(Captioned web image data)
"""
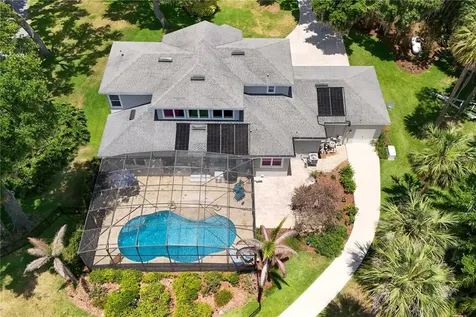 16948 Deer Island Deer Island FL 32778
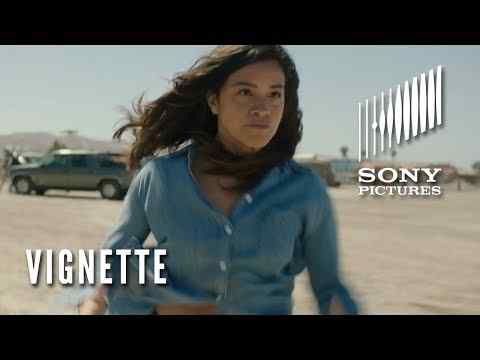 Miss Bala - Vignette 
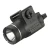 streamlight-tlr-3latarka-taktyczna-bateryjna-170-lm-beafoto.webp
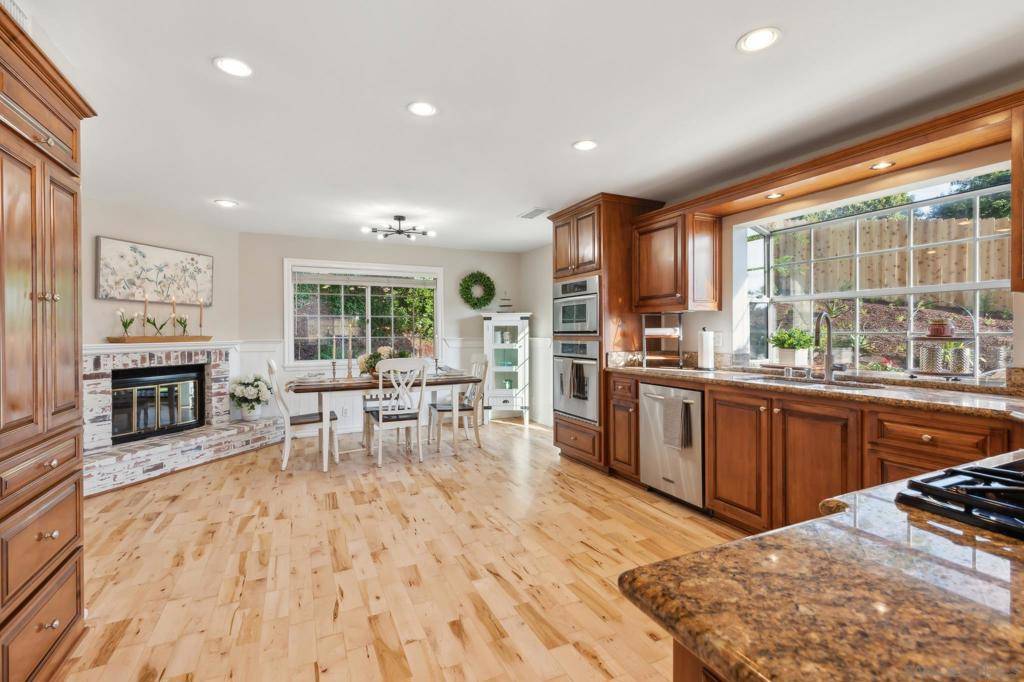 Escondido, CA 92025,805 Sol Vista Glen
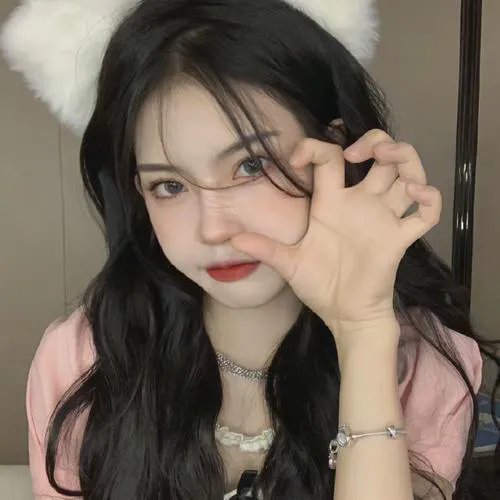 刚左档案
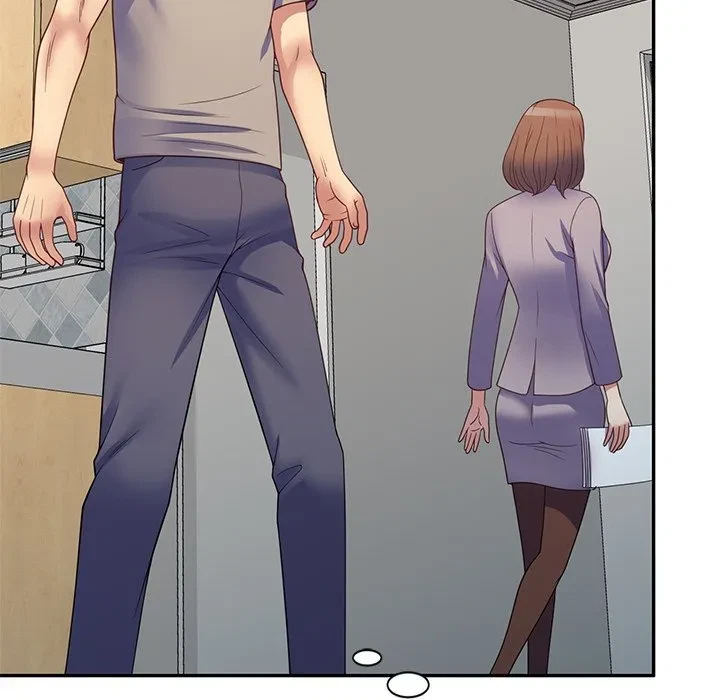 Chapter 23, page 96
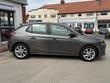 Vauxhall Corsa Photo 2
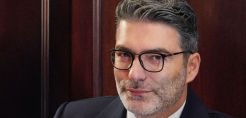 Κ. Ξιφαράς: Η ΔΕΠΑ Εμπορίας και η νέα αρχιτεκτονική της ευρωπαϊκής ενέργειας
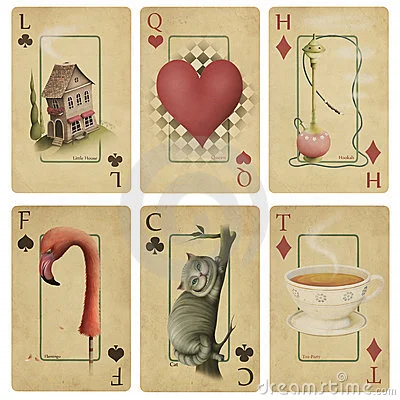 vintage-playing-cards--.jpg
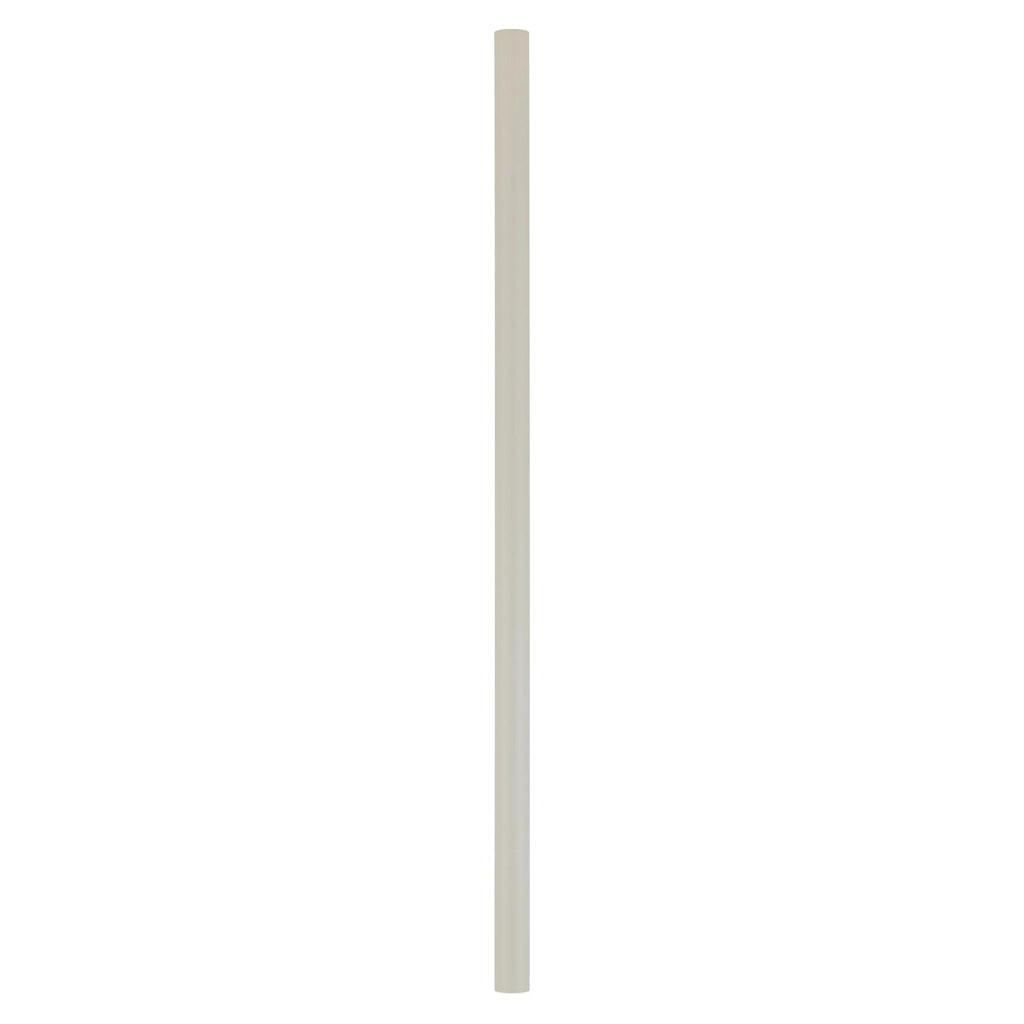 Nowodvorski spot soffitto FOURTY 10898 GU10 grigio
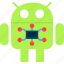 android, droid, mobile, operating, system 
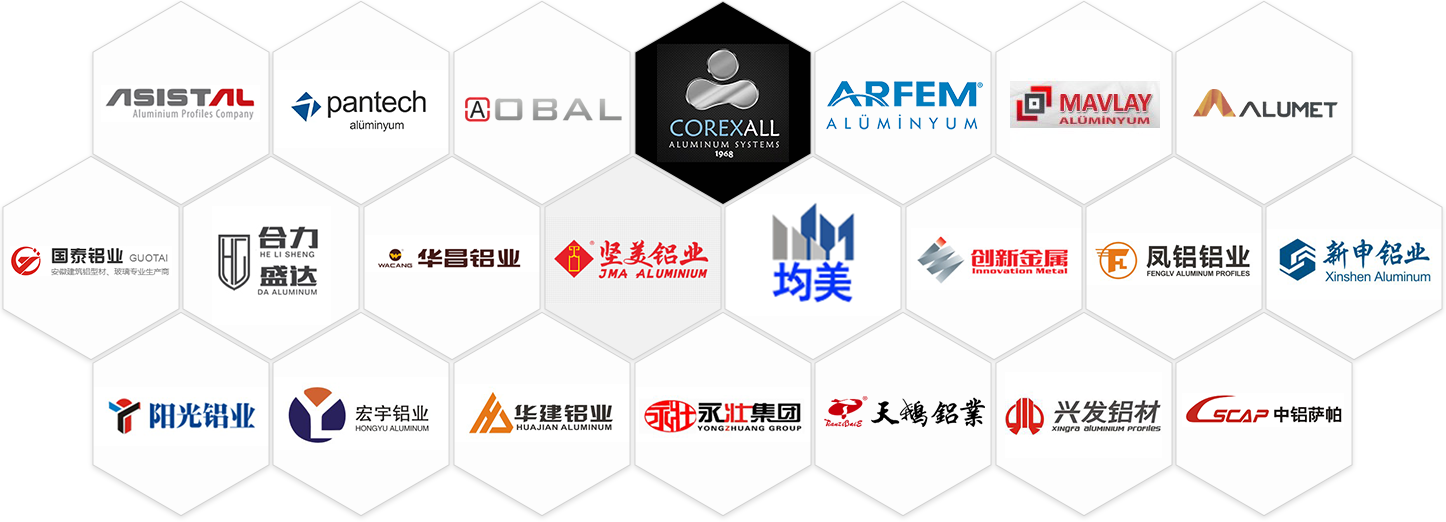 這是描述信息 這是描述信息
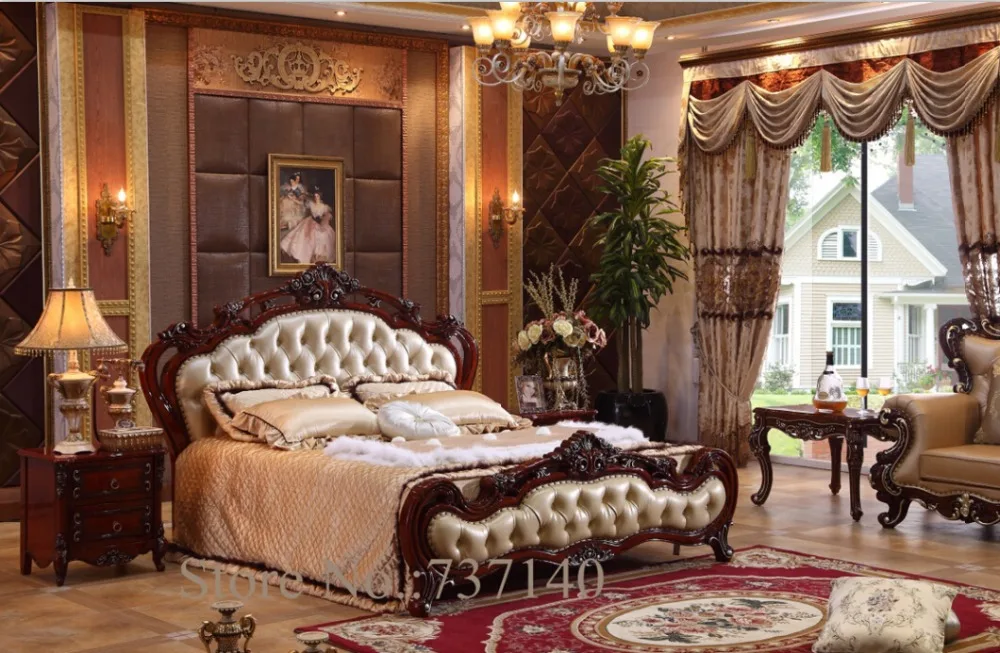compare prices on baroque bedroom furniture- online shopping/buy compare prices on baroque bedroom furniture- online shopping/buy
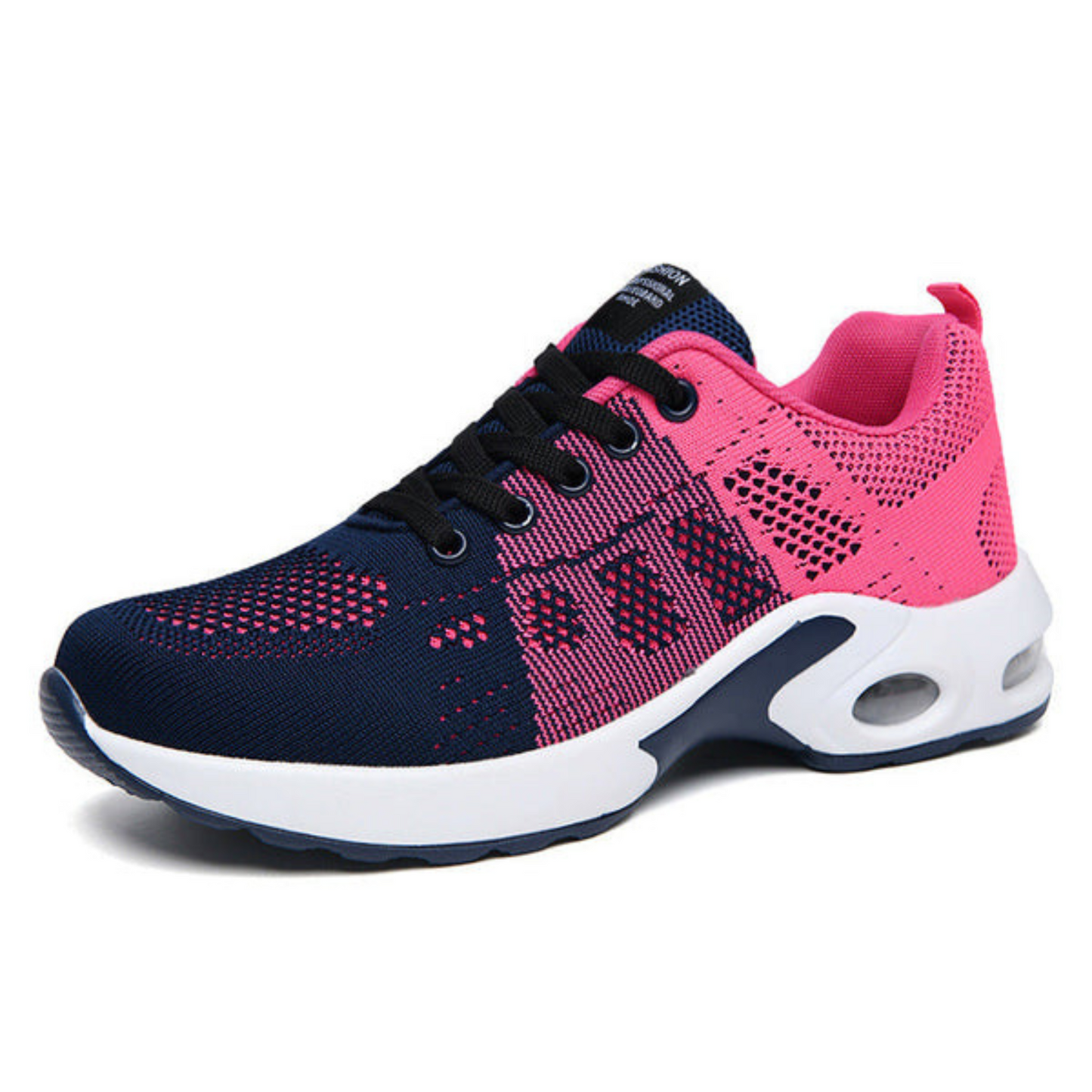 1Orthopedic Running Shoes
"""
Task requirements —
All of the data above should be printed again exactly, though none of the pictures belong in the copy.

Written solution —
 16948 Deer Island Deer Island FL 32778
 Miss Bala - Vignette 
 streamlight-tlr-3latarka-taktyczna-bateryjna-170-lm-beafoto.webp
 Escondido, CA 92025,805 Sol Vista Glen
 刚左档案
 Chapter 23, page 96
 Vauxhall Corsa Photo 2
 Κ. Ξιφαράς: Η ΔΕΠΑ Εμπορίας και η νέα αρχιτεκτονική της ευρωπαϊκής ενέργειας
 vintage-playing-cards--.jpg
 Nowodvorski spot soffitto FOURTY 10898 GU10 grigio
 android, droid, mobile, operating, system 
 這是描述信息 這是描述信息
compare prices on baroque bedroom furniture- online shopping/buy compare prices on baroque bedroom furniture- online shopping/buy
 1Orthopedic Running Shoes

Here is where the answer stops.